Kendimi bildim bileli, iyi bir Fenerbahçe taraftarıyım...
Gezi Direnişi’nden bu yana da, sıkı bir “Çarşı” üyesiyim, yürekten... Pazar günü, akşam saatlerinde, Fenerbahçeli olmaktan bir kez daha büyük gurur, büyük mutluluk duydum.
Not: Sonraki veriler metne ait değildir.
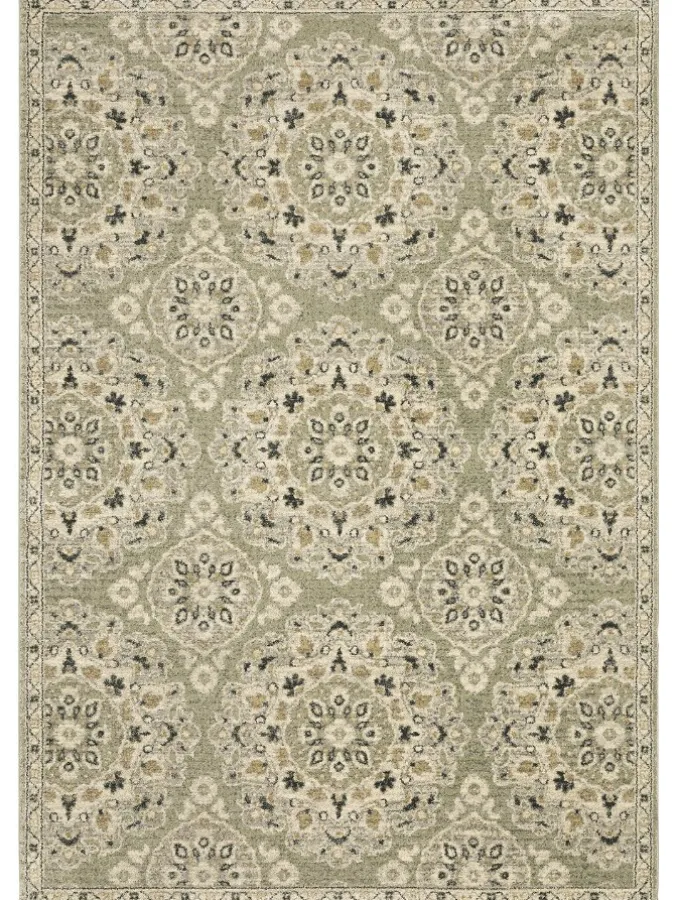 Forestwood Persian Medallion Indoor Area Rug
Olağanüstü kongrede açılan her sandık, Aziz Yıldırım’ın aldığı her oy, bu müthiş camianın sıradan bir ferdi olma duygumu pekiştirdi..
Hele sonuçlar açıklandığında, Yıldırım ekibinin ezici zaferi, “Mustafa Kemal’in askerleriyiz” sloganı eşliğinde ilan edildiğinde, farkında bile olmadan şu sözcükler döküldü dudaklarımdan:
-3 Temmuz 2011’in hesabı kesildi!..
Son iki yıl, milyonlarca Fenerbahçeli için bir büyük karabasandı...
Sahalar değil sözünü ettiğim... En büyük kabusların yaşandığı günlerde dahi futbolundan basketboluna, voleybolundan küreğine harikalar yarattı çocuklarımız... Karanlık lobilerden, kulübü ele geçirmek için yapılan kara faaliyetlerden söz ediyorum... Bu alçaklıklara karşı mahkeme önlerinde, kendi stadyumunda, biber gazına, gaz bombasına, tazyikli kimyasal suya göğüs geren, “Fenerbahçe’yi asla derdest edemeyeceksiniz” diye haykıran pırıl pırıl Cumhuriyet çocuklarından bahsediyorum... Satın alınmış serseri güruhuna karşı, her maçın 34. dakikasında “Her yer Taksim, her yer direniş” sloganını bayrak yapan yürekli Fenerbahçe taraftarını işaret ediyorum...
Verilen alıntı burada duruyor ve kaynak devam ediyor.